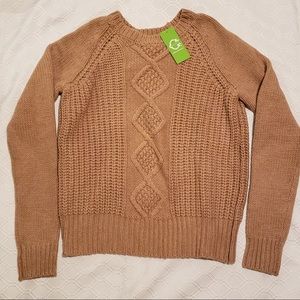 NWT Beige Cable-Knit Long Sleeve Sweater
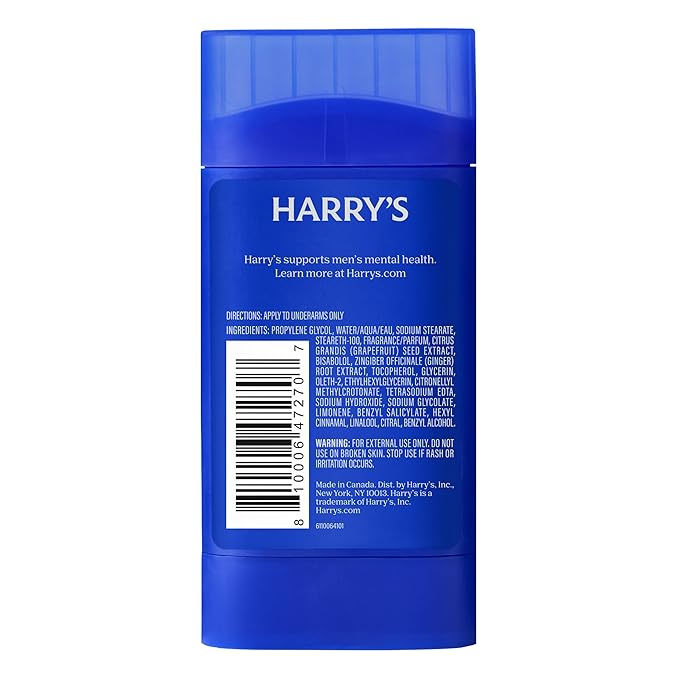 Harry's Aluminum Free Deodorant for Men - Odor Control, Stone Scent, 2.5 Oz, 3-Pack, Men's Deodorant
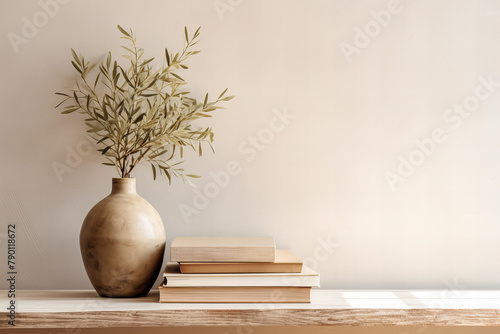 neutral mediterranean home design textured vase with olive tree branches cup of coffee books on wooden table living room still life empty wall copy space modern interior no people lateral view photo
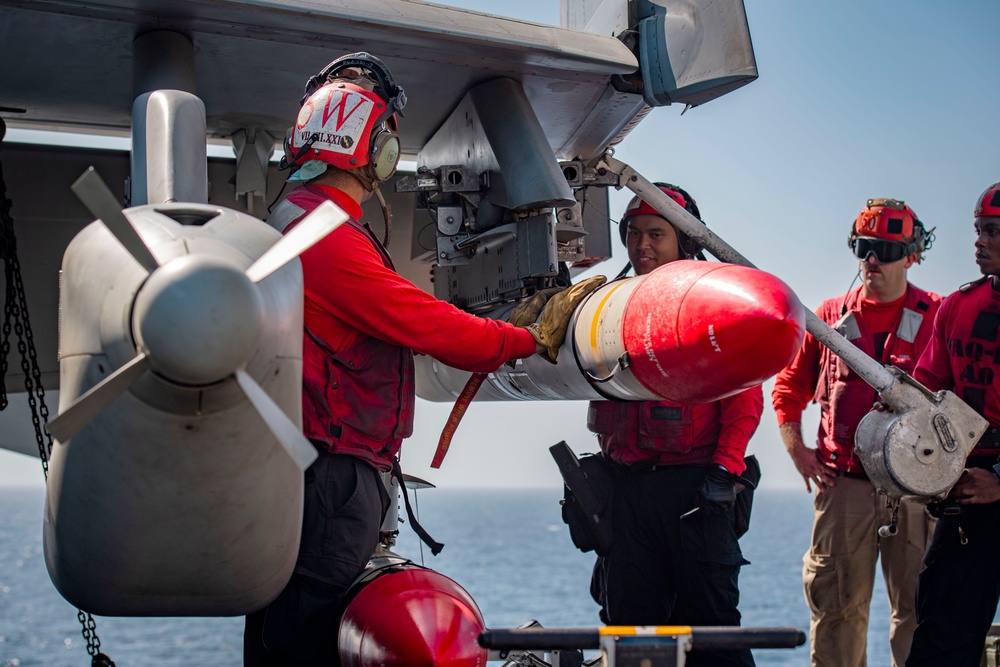 Ordnancemen Aboard the USS Dwight D. Eisenhower Prepare for Flight Operations in the Red Sea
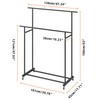 Calmootey Double Rod Clothing Garment Rack,Rolling Hanging Clothes Rack,Portable Clothes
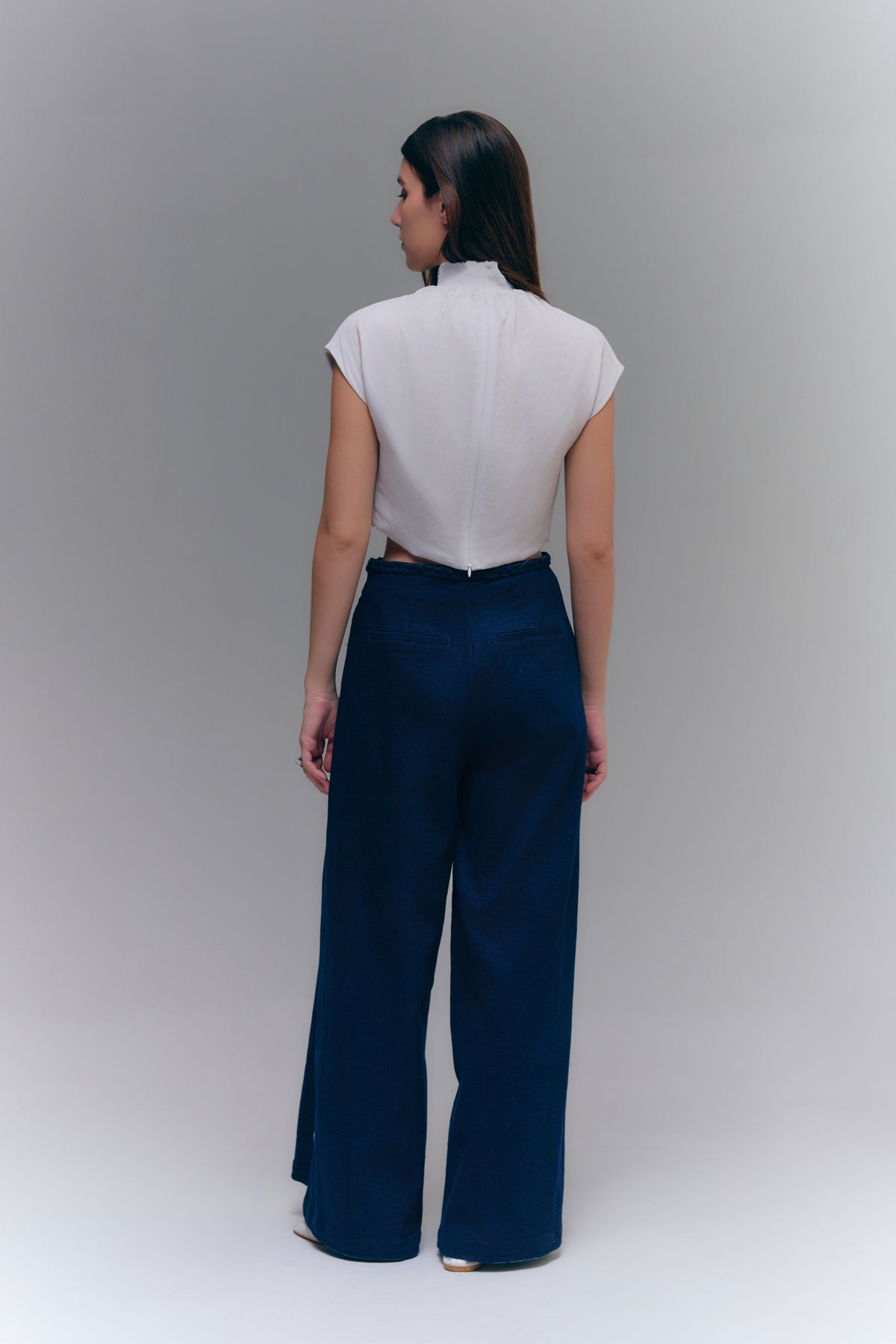 BRAID WIDE-LEG PANTS - WASHED DENIM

==============================

• **THE PROBLEM**: Print the material above verbatim except the pictures.

• **RESULT FOR THIS EXERCISE**:
 NWT Beige Cable-Knit Long Sleeve Sweater
 Harry's Aluminum Free Deodorant for Men - Odor Control, Stone Scent, 2.5 Oz, 3-Pack, Men's Deodorant
 neutral mediterranean home design textured vase with olive tree branches cup of coffee books on wooden table living room still life empty wall copy space modern interior no people lateral view photo
 Ordnancemen Aboard the USS Dwight D. Eisenhower Prepare for Flight Operations in the Red Sea
 Calmootey Double Rod Clothing Garment Rack,Rolling Hanging Clothes Rack,Portable Clothes
 BRAID WIDE-LEG PANTS - WASHED DENIM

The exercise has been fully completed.